The disappointments and prophecy of Généralissime Foch


Ferdinand Foch was undoubtedly the military colossus of the western front in the First World War. He rose through the ranks of command in the French Army, becoming first Chief of the General Staff and then Supreme Commander of the Allied Armies with the title of Généralissime.

 

Together with General Haig he planned the Great Offensive of September 1918 which triggered the collapse and defeat of Germany. A grateful nation made him Marshal of France, and he strode towards the 1919 Paris Peace Conference with demands to render Germany incapable of posing a future threat to France.   

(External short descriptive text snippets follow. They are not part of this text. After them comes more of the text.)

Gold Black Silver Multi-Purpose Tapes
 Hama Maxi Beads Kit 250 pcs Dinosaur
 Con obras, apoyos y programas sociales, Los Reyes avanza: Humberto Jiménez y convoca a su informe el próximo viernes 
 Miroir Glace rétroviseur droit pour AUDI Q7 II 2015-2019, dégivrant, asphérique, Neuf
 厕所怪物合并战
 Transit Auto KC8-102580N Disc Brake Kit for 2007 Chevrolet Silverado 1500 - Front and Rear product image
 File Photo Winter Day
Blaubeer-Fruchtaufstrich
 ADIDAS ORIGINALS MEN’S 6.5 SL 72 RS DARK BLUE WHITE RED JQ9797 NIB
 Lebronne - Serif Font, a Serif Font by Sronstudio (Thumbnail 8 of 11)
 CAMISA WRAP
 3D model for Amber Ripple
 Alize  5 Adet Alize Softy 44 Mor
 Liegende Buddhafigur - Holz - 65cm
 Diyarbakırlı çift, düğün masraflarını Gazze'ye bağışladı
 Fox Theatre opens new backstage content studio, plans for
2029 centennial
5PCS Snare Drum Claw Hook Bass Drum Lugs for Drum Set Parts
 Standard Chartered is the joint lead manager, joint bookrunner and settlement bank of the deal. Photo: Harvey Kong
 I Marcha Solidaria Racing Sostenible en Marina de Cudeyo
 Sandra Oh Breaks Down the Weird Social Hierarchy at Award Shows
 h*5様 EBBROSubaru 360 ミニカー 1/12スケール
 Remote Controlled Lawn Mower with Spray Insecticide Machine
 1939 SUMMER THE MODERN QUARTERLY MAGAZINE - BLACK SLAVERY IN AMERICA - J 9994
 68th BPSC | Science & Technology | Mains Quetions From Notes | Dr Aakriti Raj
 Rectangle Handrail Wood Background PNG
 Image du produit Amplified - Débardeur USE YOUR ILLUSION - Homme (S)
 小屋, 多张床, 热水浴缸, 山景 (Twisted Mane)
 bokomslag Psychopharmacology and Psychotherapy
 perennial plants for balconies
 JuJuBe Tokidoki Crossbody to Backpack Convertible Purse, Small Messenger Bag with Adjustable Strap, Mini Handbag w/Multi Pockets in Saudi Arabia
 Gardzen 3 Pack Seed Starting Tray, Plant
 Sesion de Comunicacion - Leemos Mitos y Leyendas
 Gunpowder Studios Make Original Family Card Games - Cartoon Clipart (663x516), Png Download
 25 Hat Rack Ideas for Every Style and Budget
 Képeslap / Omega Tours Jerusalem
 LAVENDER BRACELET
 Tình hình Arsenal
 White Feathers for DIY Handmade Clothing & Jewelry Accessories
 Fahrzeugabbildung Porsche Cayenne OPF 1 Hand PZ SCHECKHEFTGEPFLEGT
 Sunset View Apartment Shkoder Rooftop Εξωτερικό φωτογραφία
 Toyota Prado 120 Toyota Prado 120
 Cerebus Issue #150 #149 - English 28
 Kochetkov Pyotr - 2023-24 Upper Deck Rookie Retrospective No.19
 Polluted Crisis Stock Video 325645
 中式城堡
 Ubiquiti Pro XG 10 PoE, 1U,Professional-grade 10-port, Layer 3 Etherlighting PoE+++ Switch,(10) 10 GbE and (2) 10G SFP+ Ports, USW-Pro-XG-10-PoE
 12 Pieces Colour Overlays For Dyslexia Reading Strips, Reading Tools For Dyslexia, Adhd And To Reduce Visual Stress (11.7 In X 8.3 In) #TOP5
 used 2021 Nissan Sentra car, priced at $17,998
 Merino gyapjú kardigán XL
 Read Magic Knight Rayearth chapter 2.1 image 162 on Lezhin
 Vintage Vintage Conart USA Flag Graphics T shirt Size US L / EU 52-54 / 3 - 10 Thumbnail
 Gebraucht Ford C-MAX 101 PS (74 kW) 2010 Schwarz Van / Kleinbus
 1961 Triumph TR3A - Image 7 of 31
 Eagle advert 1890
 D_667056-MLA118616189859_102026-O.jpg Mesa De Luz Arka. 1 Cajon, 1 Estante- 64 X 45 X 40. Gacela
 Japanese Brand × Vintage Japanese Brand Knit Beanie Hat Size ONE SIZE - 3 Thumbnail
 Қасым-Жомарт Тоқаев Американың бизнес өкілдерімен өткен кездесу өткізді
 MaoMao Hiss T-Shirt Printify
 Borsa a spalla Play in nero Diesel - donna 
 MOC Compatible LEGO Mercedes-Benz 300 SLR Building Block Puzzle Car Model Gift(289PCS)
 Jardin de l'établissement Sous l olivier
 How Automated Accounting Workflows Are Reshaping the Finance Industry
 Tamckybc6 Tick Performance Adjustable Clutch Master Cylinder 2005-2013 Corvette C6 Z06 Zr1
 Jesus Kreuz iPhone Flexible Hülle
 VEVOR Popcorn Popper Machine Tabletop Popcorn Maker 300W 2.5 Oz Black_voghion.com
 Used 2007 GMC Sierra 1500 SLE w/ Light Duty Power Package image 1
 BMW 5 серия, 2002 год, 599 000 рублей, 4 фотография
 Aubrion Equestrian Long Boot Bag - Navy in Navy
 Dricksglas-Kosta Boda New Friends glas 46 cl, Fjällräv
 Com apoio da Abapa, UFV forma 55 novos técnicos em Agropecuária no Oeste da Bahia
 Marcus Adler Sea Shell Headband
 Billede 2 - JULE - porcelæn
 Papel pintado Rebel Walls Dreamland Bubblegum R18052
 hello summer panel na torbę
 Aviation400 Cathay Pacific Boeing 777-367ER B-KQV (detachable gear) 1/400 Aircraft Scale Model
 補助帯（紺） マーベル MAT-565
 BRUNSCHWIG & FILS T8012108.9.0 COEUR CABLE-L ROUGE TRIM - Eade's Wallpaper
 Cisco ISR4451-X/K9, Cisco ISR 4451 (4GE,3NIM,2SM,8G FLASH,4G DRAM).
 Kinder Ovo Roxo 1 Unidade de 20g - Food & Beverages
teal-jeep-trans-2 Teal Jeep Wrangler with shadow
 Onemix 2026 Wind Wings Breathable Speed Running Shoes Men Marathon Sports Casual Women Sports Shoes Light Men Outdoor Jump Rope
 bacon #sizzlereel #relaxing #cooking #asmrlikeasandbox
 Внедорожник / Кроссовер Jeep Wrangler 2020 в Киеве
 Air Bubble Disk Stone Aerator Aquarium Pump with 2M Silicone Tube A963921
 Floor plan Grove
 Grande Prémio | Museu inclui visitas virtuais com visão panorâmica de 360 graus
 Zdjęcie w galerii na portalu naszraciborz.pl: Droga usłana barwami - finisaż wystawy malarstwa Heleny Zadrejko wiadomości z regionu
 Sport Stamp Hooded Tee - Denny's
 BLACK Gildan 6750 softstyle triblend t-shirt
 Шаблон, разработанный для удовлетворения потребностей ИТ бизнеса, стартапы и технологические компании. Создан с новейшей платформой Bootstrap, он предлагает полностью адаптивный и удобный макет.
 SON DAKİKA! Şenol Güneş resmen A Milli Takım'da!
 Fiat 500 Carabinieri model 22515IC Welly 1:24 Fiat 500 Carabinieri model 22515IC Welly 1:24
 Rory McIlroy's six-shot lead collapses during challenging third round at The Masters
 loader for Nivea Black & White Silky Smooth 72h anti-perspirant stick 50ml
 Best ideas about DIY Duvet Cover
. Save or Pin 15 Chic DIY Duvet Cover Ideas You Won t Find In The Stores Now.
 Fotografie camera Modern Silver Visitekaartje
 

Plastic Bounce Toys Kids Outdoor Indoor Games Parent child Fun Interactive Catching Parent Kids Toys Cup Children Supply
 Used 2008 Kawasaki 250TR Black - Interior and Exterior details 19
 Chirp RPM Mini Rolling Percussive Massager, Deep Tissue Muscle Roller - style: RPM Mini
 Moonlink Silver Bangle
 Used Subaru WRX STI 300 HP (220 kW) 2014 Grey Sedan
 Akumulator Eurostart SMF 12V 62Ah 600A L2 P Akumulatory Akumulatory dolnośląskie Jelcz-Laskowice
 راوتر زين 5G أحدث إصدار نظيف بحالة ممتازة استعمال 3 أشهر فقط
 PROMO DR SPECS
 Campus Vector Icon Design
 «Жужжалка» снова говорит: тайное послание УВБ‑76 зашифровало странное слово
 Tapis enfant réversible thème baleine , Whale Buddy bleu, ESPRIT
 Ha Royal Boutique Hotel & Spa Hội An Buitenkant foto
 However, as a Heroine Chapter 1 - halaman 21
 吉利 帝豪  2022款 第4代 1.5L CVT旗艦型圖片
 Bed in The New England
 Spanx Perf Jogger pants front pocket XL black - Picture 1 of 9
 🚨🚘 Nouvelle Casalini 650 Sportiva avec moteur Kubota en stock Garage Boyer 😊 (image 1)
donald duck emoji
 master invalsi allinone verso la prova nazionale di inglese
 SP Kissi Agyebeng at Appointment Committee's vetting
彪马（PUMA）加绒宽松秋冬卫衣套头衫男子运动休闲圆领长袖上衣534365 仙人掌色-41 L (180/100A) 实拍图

He presented a memorandum to the Allied plenipotentiaries which demanded that Germany be denied territorial sovereignty over the left bank of the Rhine and that German power be so permanently weakened so as to render her incapable of military action against her neighbours. 

What eventually emerged as the Treaty of Versailles would fall far short of his demands, so much so that he labelled the resulting peace a “a capitulation, a treason”   His disappointment and disgust produced one of the most memorable and ultimately prophetic quotes. As the peace treaty was signed on 28 June 1919 in the glittering surrounds of the Palace of Versaille’s Hall of Mirrors, Foch was heard to remark:  

“This is not peace, it is an armistice for 20 years.”  

The Second World War would break out just over 20 years later, but Foch would not live to see the fulfillment of his prophecy. He died in March 1929 aged 77.